Several white papers have been produced where Lokavant has validated its claims of time and dollars saved based either on an actual live deployment of the predictive analytics platform in a study or a simulation where time-stamped historical data is run through the clinical data hub. The focus here has been on better forecasting participant enrollment and retention, one of the biggest issues facing trials of every size the world over.
“It’s very hard to predict when a study will complete, as well as the likelihood of achieving the target accrual of participants,” Nambisan says. The company’s predictive model looks at historical data using clustering, a machine learning technique that identifies similar studies to the one about to be deployed and co-registers them based on certain common features—same therapeutic area or trial phase, for example, or conducted in the same country—to, say, learn about the impact of specific geographies and sites on enrollment rates.

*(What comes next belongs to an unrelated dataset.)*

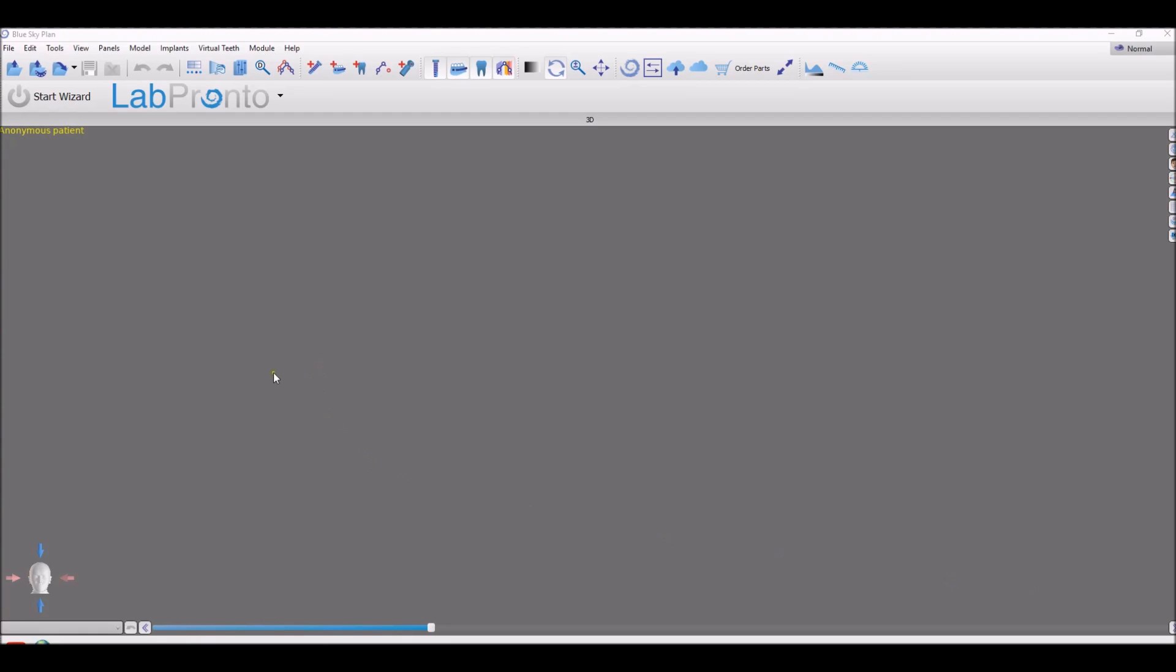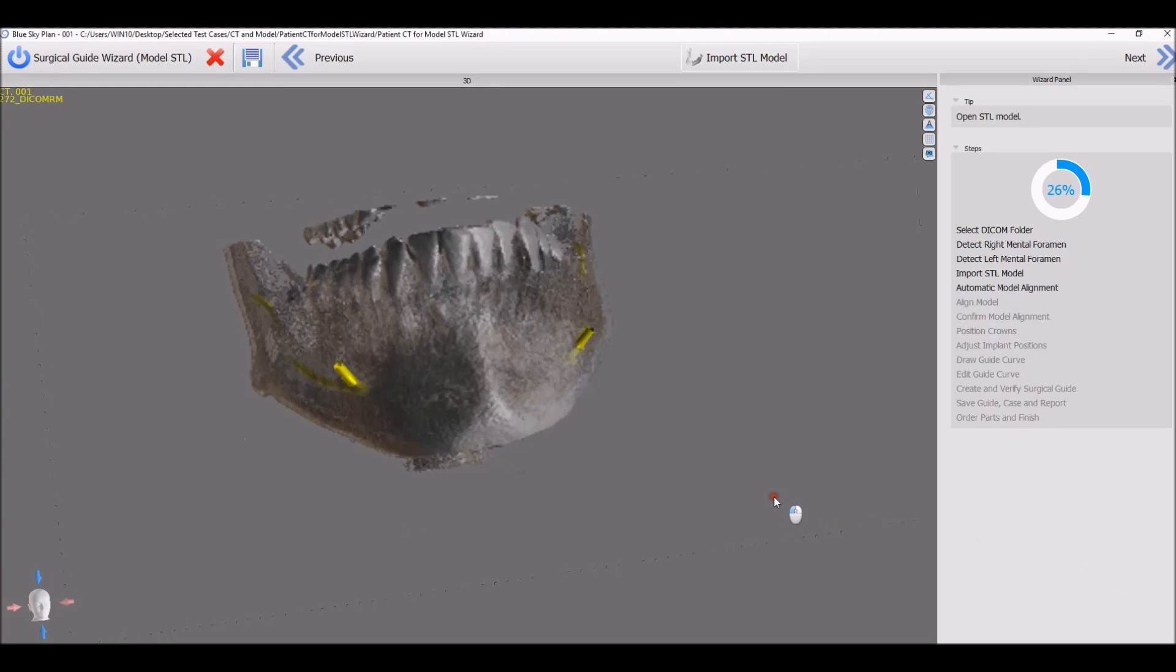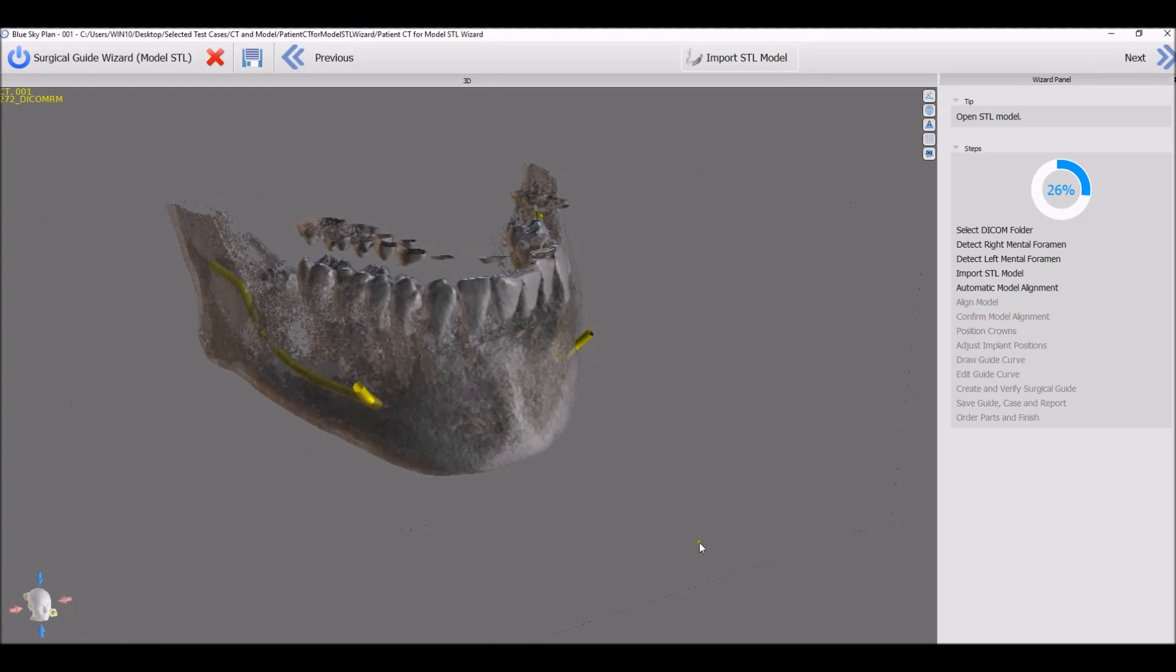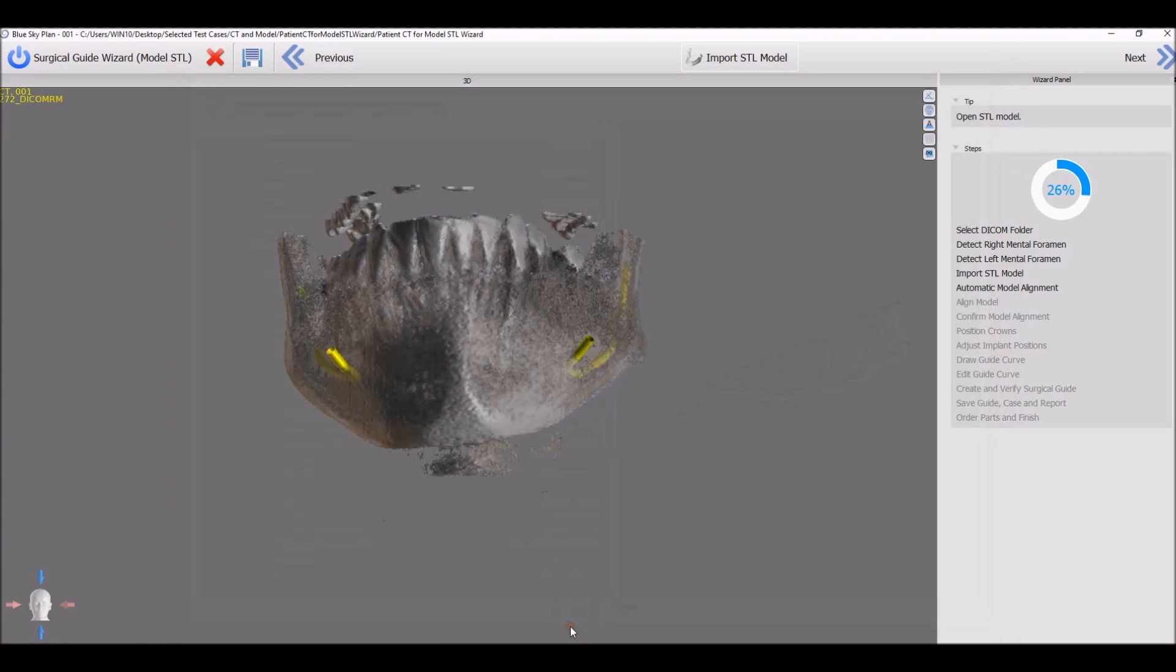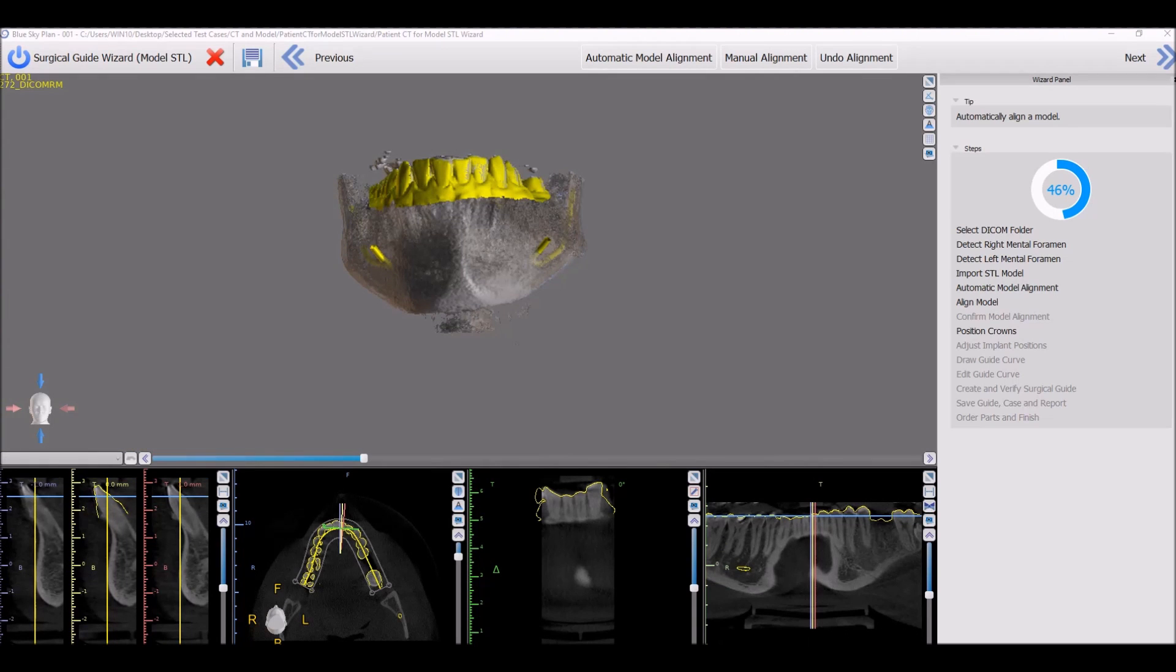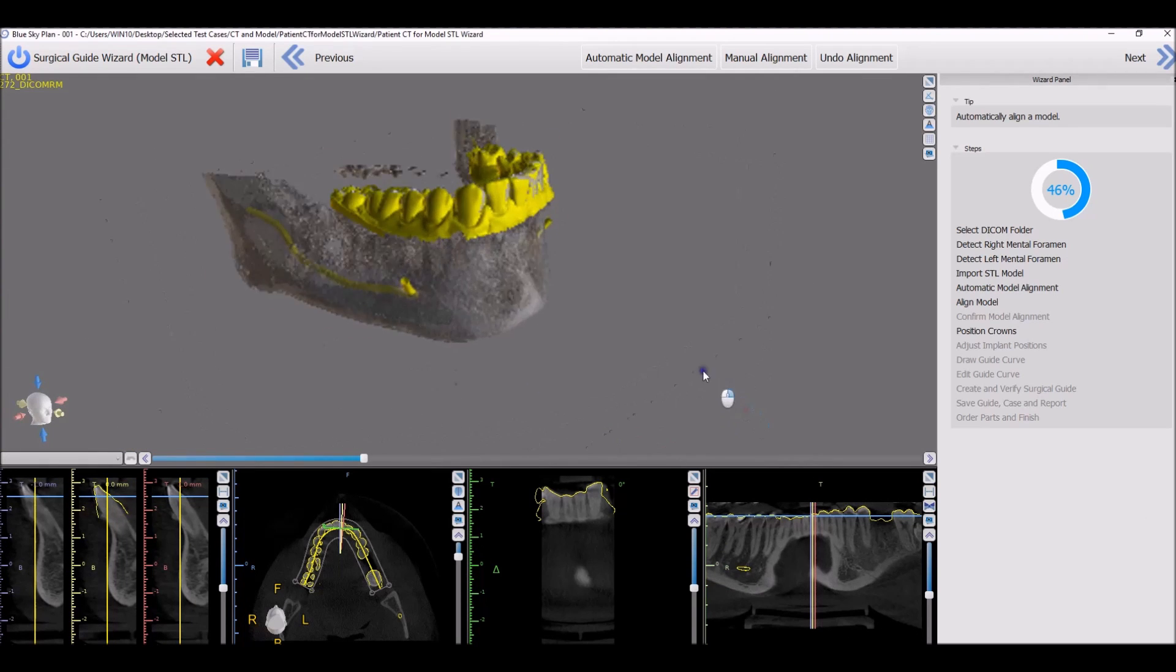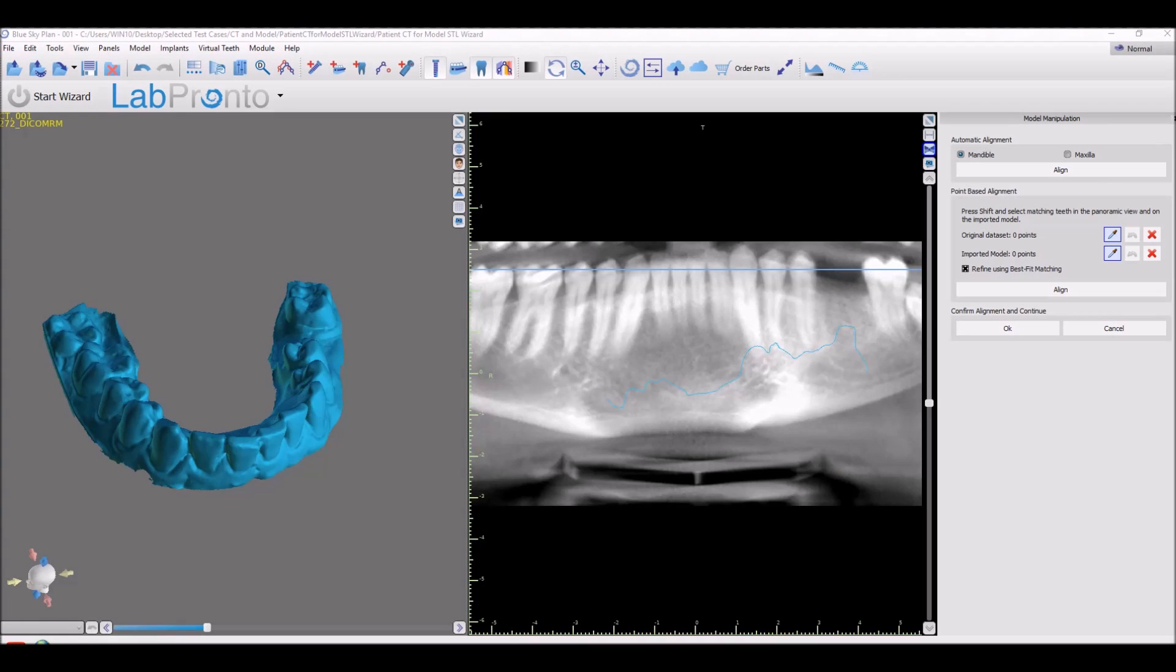Take a look at our updated wizard with a new automatic STL to CT merge. That's a completely automatic merge. You don't need to click on any teeth any times, don't need to mark any spots. Select the STL model, select the relevant jaw type, and the software does a fully automatic merge of the STL model to the CT of the patient. And that's integrated into our normal mode and advanced mode as well just by clicking the jaw type and clicking align.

Based on that repository of data, the platform builds a model predicting the success of the new study in terms of the metrics of consequence. Many customers therefore use the software for study planning as well as keeping a trial on track once it starts, says Nambisan.
At that point, data get pulled from source systems (e.g., clinical trial management, study startup, and interactive voice response) multiple times a day and get factored into the forecast, he continues. The model adapts and learns based on the incoming information, further improving prediction accuracy as the trial progresses.
In a clinical trial for a rare disease, the platform was able to foresee early on that the target enrollment of about 200 patients would be impossible to hit even with arbitrary changes made to the enrollment window by the study team, Nambisan says, citing one use case. Two years out, the prediction came within one month of when the last patient actually enrolled.